Larger than Life and Worth Every Gray Hair
So, I digress....how does a bit of rain help to bail out this sinking ship?  I need my son's baseball game to be cancelled.  Yep, I'm rooting for a downpour.  Boo! bad Mommy.  Let's take a brief look at my week, before you judge me too harshly.  (This is only the after-school activities so we're not even mentioning work and other engagements before 3pm, also take into consideration meals, homework, housework, and there's this chicken poop thing.....).  Mon:  Dress rehearsal for Char in Paramus 4:15- 5:40 and baseball game for Jason in Hawthorne 4:00-6:00 (easy-breezy!).  Tues:  Twins tutoring 3:30-4:30, Jason baseball in North Haledon 3:00-5:00, Luke baseball in West Milford 5:45-7:45.  Wed:  Jason baseball in North Haledon 3:00-5:00, Gwen concert 6:00-8:30.  Thurs:  Twins tutoring 3:30-4:30, Jason game in Pompton Lakes 4:00-6:00, Gwen dress rehearsal 5:00-8:00.  Fri:  Jason baseball in Glen Rock 4:00-6:00, Luke baseball in West Milford 5:45-6:45.  Then, more baseball and 3 dance recitals this weekend.  Husband: WORKING.  Nanny:  Hahahahaaaaaaaaa! 
This boy, the computer nerd, made a double play last Thursday.
Just like at home.....yeah right!
This is where a good belly-breath would be appropriate.  "Imagine your belly as a pink balloon...."  See a prior blog if you don't know what I'm talking about.  So, am I over-scheduled?  Yes.  Are my kids over-scheduled?  Not individually.  There's just so many of the little buggers!  Could I simplify my life?  Absolutely.  I could tell them, no dancing, no sports, no extracurricular activities.  Will I do that?  Nope.  I do have a rule that you only can play one sport per season and only on one team.  I also usually have them take the winter off, except for Jason with snow-boarding and Maddie is begging for basketball next year so that hiatus may be short-lived.  I think that all of these activities are important to their development as well-rounded individuals.  I like to encourage them to exercise their minds and their bodies.  Working as a team is an important skill that they can use throughout their lives.  It's just that everything comes to a head this time of year.

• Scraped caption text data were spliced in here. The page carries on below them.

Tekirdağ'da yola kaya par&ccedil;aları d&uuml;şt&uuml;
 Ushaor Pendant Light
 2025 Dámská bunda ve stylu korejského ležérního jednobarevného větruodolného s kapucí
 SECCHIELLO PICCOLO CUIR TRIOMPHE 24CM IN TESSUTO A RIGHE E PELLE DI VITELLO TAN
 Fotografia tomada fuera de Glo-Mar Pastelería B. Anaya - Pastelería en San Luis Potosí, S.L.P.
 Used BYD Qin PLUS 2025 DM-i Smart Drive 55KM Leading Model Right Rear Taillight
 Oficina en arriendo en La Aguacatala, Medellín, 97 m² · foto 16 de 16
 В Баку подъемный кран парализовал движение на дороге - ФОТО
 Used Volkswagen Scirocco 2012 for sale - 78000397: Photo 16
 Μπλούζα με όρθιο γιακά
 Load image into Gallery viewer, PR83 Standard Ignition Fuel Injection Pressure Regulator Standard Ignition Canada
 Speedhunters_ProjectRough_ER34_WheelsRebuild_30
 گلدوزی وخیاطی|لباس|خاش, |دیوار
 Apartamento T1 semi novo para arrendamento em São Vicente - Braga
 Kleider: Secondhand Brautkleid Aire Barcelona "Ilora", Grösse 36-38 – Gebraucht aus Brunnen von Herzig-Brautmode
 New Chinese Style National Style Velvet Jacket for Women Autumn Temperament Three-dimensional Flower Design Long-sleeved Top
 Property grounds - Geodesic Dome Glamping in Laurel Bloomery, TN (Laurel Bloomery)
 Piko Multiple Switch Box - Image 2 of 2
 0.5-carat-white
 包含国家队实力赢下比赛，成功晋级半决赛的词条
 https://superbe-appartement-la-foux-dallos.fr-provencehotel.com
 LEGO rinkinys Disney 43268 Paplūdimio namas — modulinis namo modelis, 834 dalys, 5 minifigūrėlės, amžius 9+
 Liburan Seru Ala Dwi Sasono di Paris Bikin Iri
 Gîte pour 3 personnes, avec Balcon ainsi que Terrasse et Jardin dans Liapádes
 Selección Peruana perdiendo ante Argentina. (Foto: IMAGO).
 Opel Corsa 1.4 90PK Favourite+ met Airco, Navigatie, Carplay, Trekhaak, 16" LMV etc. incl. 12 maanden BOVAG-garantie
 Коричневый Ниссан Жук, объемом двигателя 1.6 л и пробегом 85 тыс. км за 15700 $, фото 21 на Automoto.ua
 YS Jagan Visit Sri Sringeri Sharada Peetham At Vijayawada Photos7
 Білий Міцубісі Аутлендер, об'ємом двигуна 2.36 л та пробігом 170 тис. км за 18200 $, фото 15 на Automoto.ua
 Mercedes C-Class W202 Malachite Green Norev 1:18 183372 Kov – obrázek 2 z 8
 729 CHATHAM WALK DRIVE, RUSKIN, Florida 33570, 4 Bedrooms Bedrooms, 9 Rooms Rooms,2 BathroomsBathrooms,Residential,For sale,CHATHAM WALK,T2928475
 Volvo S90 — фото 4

My "New Years" starts in September.  June officially ends my year.  July and August are two delicious bonus months of limbo.  So with that, May means games, recitals, concerts, projects due, class trips taken and deadlines made.  It's all of the wonderful things that we've been working on for 9 months giving birth.  It's a messy business.   So I breath, I take pictures, I freak out sometimes,  I screw-up, I get so proud that I cry and sometimes I pray for rain.  Oh, and I wouldn't change a thing.